■ About this exercise
Reproduce, exactly and in full, the lines from the one with "Womens 3/4 Sleeve" through the one with "St. Patrick's Cathedral, with" in the data below; drop pictures.

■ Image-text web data

━━━━━━

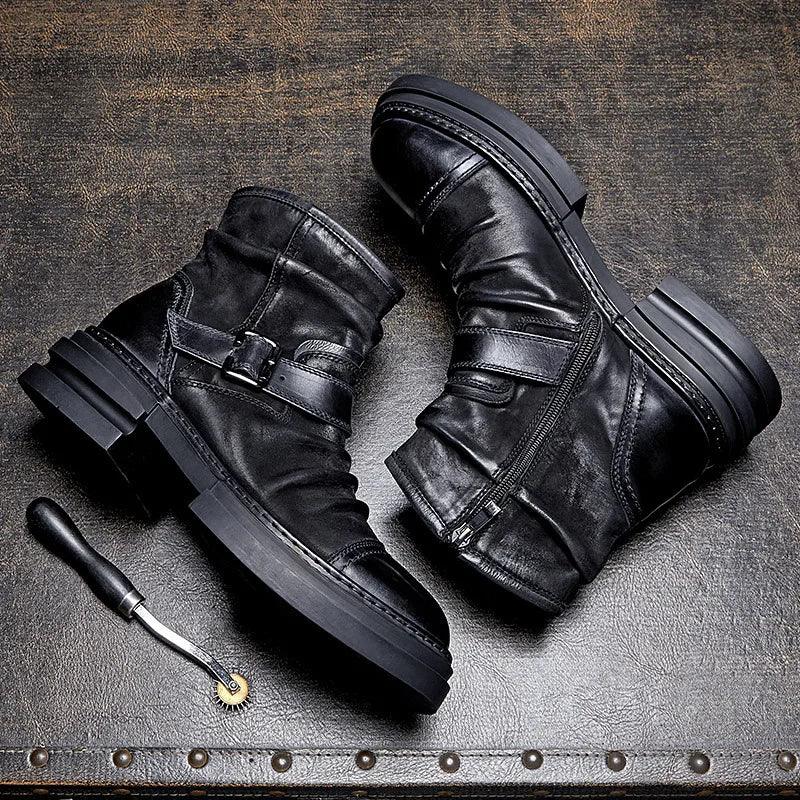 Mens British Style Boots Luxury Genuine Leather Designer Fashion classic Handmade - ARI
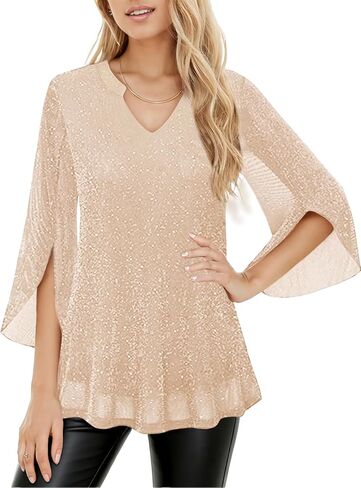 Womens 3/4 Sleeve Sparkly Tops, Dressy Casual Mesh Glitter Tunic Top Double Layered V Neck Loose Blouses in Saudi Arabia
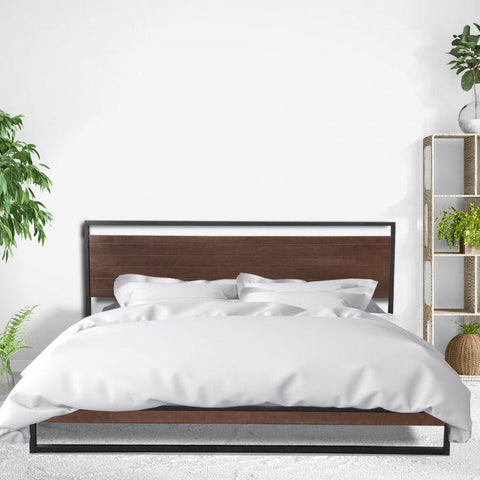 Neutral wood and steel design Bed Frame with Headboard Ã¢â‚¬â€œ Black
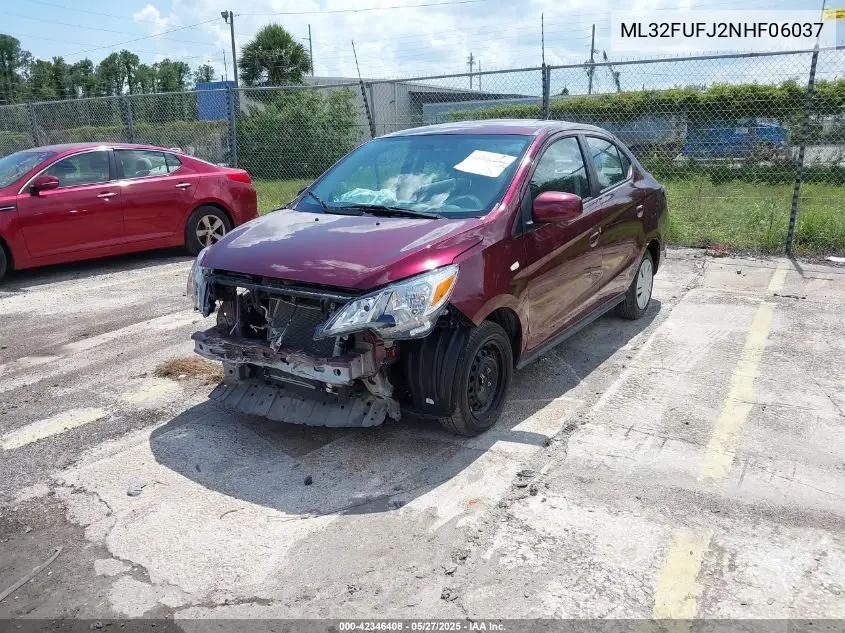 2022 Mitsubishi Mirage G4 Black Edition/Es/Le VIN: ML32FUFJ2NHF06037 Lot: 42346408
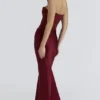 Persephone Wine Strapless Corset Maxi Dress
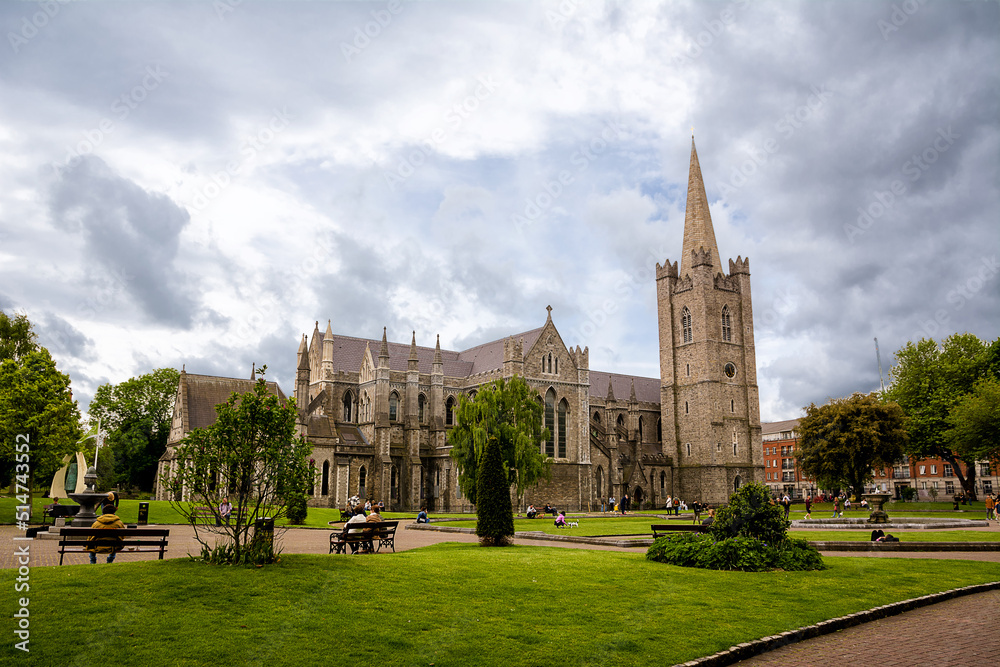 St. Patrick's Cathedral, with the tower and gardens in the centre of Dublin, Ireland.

━━━━━━

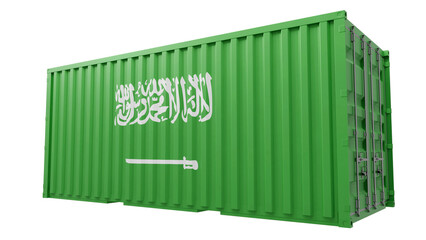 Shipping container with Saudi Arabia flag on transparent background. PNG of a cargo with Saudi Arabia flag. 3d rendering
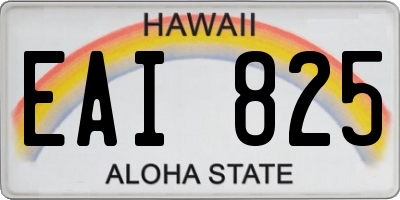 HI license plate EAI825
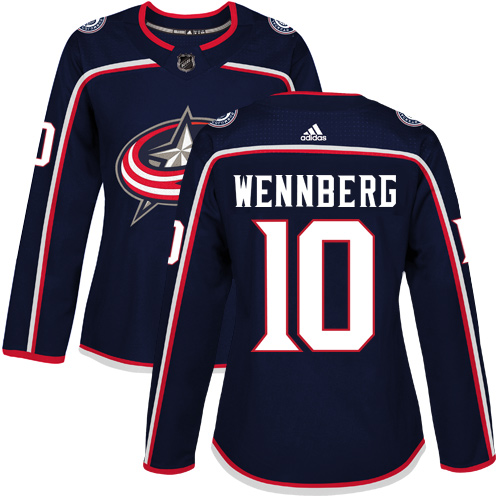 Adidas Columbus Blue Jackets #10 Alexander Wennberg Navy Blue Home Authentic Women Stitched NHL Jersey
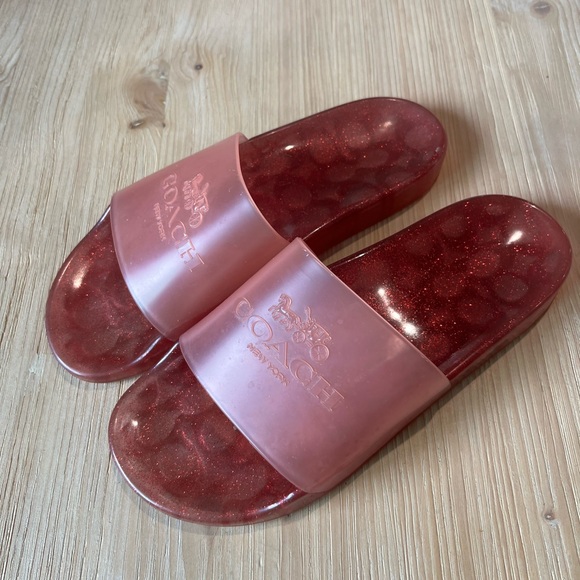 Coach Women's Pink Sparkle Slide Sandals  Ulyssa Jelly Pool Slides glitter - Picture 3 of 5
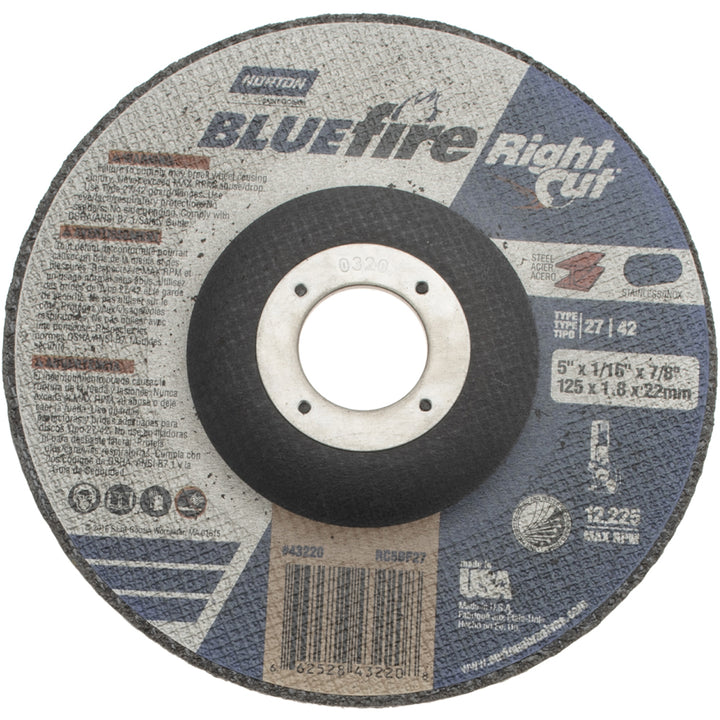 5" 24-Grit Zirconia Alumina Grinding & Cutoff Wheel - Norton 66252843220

━━━━━━

■ Result for this task
 Womens 3/4 Sleeve Sparkly Tops, Dressy Casual Mesh Glitter Tunic Top Double Layered V Neck Loose Blouses in Saudi Arabia
 Neutral wood and steel design Bed Frame with Headboard Ã¢â‚¬â€œ Black
 2022 Mitsubishi Mirage G4 Black Edition/Es/Le VIN: ML32FUFJ2NHF06037 Lot: 42346408
 Persephone Wine Strapless Corset Maxi Dress
 St. Patrick's Cathedral, with the tower and gardens in the centre of Dublin, Ireland.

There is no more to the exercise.